What the PREDIMED trial actually found
The science · 5 min read · 2026-07-09
PREDIMED randomised around 7,400 high-risk adults to a Mediterranean diet with extra virgin olive oil, the same diet with nuts, or a low-fat control. The olive oil group had roughly 30 percent fewer heart attacks, strokes and cardiovascular deaths, and the trial was stopped early.
Key points
- It was a randomised controlled trial, not a survey, which is what makes it unusually strong evidence for a diet.
- Around 7,400 participants at high cardiovascular risk, followed for about five years.
- Roughly 30 percent fewer major cardiovascular events in the olive oil group.
- The oil was extra virgin, and the effect tracked with polyphenol intake.
Nutrition research is usually observational: it watches what people eat and looks for patterns. That is why most of it is weak, and why so much of it reverses a decade later. PREDIMED is different, and it is the reason anyone can speak about olive oil and the heart with a straight face.
What they did
Spanish researchers took around 7,400 adults at high cardiovascular risk, people with diabetes or several risk factors, but no heart disease yet, and randomly assigned them to one of three diets: a Mediterranean diet supplemented with extra virgin olive oil, the same diet supplemented with mixed nuts, or a low-fat control diet. Random assignment is the crucial part. It means the groups differ by diet, not by wealth, exercise or the kind of person who chooses to eat well.
What they found
After a median of about five years, the two Mediterranean groups had roughly 30 percent fewer major cardiovascular events, heart attacks, strokes and deaths from cardiovascular causes, than the control group. The findings were published in the New England Journal of Medicine, and the trial was stopped early on the grounds that it had become difficult to justify keeping people on the control diet.
The polyphenol thread
The oil in the trial was specifically extra virgin, not refined, and follow-up analyses found that markers of polyphenol intake tracked with the benefit. That is consistent with everything else we know about how olive oil works, described in polyphenols: the whole point of olive oil, and it is why the grade and freshness of the oil is not a detail.
The honest caveats
PREDIMED was re-analysed and republished in 2018 after irregularities in how some participants were randomised at a handful of sites. The re-analysis, using more conservative methods, reached the same conclusion: the Mediterranean groups fared substantially better. It is also a trial of a whole dietary pattern in a high-risk Spanish population, not proof that any one spoonful does any one thing for any one person. What it does establish, better than any other dietary evidence we have, is that a diet built around real extra virgin olive oil protects the heart.
Common questions
What was the PREDIMED trial?
A large Spanish randomised controlled trial of about 7,400 adults at high cardiovascular risk, comparing a Mediterranean diet with extra virgin olive oil, a Mediterranean diet with nuts, and a low-fat control diet.
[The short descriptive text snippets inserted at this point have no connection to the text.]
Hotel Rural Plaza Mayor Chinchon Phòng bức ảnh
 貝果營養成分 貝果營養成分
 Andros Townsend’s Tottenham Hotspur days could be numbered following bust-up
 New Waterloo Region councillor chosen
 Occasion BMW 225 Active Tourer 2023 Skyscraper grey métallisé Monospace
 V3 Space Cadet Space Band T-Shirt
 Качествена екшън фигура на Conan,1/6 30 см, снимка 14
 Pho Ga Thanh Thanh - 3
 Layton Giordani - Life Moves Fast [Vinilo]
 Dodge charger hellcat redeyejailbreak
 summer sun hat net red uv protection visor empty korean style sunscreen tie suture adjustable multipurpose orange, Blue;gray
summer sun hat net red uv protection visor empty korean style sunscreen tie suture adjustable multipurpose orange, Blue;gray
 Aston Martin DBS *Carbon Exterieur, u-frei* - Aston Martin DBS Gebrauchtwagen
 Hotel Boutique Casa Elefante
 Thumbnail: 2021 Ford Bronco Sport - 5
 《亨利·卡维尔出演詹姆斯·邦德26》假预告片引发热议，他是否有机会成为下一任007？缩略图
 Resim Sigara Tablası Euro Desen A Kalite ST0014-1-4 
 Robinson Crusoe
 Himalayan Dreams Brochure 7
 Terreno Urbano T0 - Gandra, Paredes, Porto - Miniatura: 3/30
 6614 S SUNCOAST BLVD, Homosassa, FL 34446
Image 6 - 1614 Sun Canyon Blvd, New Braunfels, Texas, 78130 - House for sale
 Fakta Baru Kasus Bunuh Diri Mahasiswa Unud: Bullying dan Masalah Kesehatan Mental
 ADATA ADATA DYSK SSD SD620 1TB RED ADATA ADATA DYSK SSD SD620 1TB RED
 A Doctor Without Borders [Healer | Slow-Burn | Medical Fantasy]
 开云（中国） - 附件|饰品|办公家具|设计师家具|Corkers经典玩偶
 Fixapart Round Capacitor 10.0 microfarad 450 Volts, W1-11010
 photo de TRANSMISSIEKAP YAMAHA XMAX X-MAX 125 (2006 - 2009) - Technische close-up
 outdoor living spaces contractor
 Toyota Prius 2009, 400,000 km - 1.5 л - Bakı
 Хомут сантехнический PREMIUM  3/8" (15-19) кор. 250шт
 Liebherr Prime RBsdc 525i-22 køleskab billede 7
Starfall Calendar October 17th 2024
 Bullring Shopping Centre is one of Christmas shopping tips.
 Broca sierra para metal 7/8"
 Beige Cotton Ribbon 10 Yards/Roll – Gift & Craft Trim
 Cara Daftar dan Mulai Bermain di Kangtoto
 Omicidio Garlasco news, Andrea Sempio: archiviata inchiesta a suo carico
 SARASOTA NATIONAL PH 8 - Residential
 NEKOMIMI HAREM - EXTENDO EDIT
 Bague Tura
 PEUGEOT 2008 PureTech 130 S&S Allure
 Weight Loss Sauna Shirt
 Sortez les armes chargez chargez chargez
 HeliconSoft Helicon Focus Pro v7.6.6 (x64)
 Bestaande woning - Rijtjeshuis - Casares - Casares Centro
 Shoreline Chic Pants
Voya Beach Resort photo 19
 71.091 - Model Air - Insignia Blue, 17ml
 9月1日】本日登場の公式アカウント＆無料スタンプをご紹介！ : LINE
What did PREDIMED find about olive oil?
The group eating a Mediterranean diet rich in extra virgin olive oil had roughly 30 percent fewer major cardiovascular events, heart attacks, strokes and cardiovascular deaths, than the low-fat control group.
Is the PREDIMED trial reliable?
It was republished in 2018 after randomisation irregularities at a few sites. The more conservative re-analysis reached the same conclusion, and it remains the strongest randomised evidence for the Mediterranean diet.
How much olive oil did the PREDIMED participants use?
The olive oil group was asked to consume at least four tablespoons of extra virgin olive oil a day across their cooking and eating.